» EXERCISE REQUIREMENTS
Output exactly the lines from the line that has "A white bathroom with a walk in closet." through the last line of the data below, with no pictures.

Web page caption snippets:
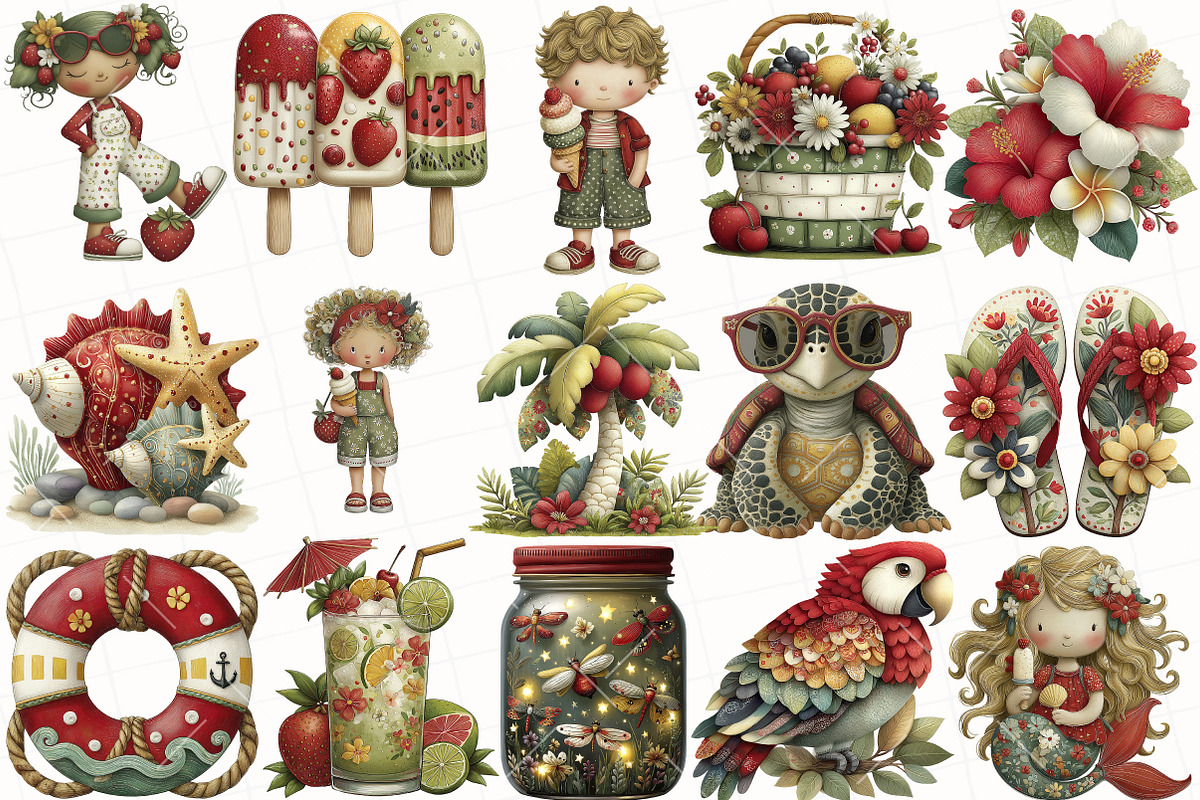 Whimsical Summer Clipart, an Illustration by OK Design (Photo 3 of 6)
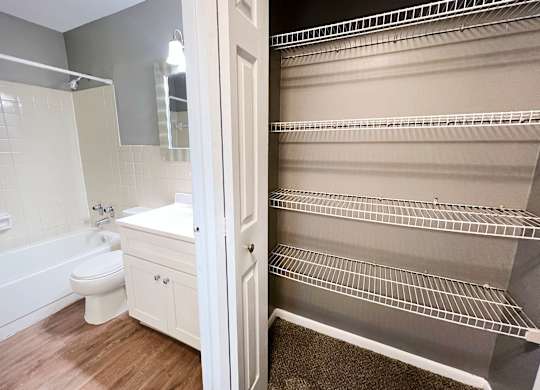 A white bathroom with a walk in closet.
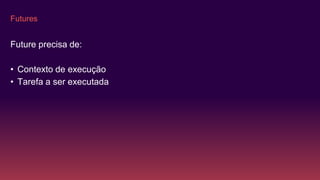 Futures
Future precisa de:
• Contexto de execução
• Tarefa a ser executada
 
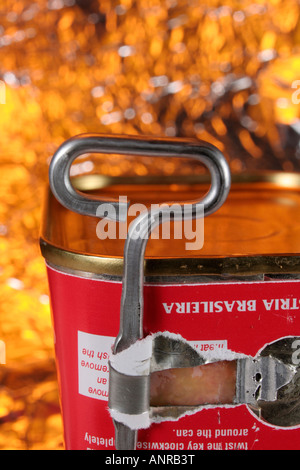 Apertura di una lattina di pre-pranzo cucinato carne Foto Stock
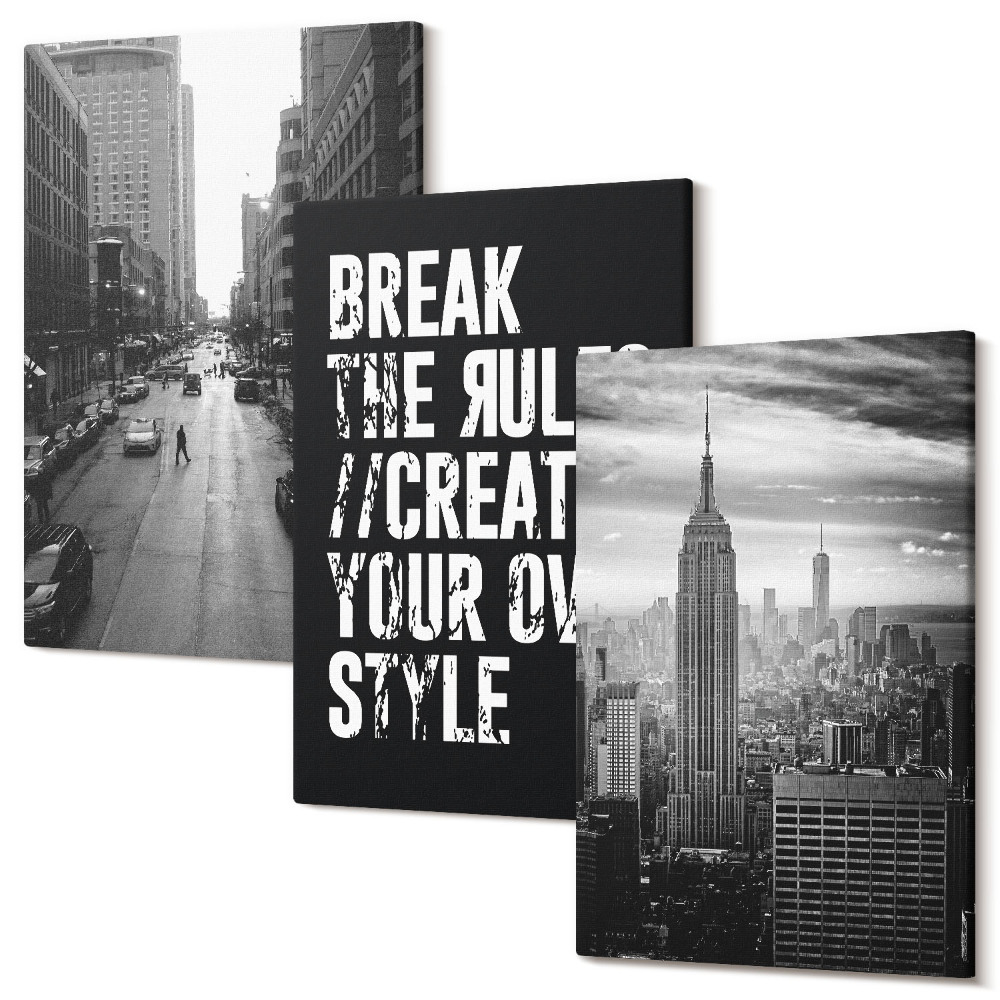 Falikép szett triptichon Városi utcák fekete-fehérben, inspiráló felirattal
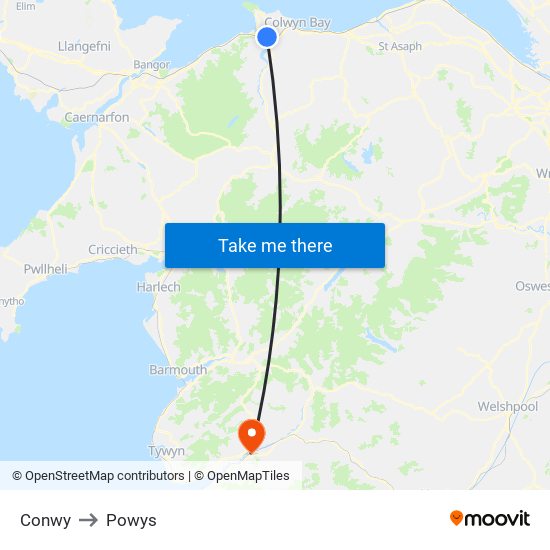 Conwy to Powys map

» RESULT OF THE EXERCISE
 A white bathroom with a walk in closet.
 Futures
Future precisa de:
• Contexto de execução
• Tarefa a ser executada
 
 Apertura di una lattina di pre-pranzo cucinato carne Foto Stock
 Falikép szett triptichon Városi utcák fekete-fehérben, inspiráló felirattal
 Conwy to Powys map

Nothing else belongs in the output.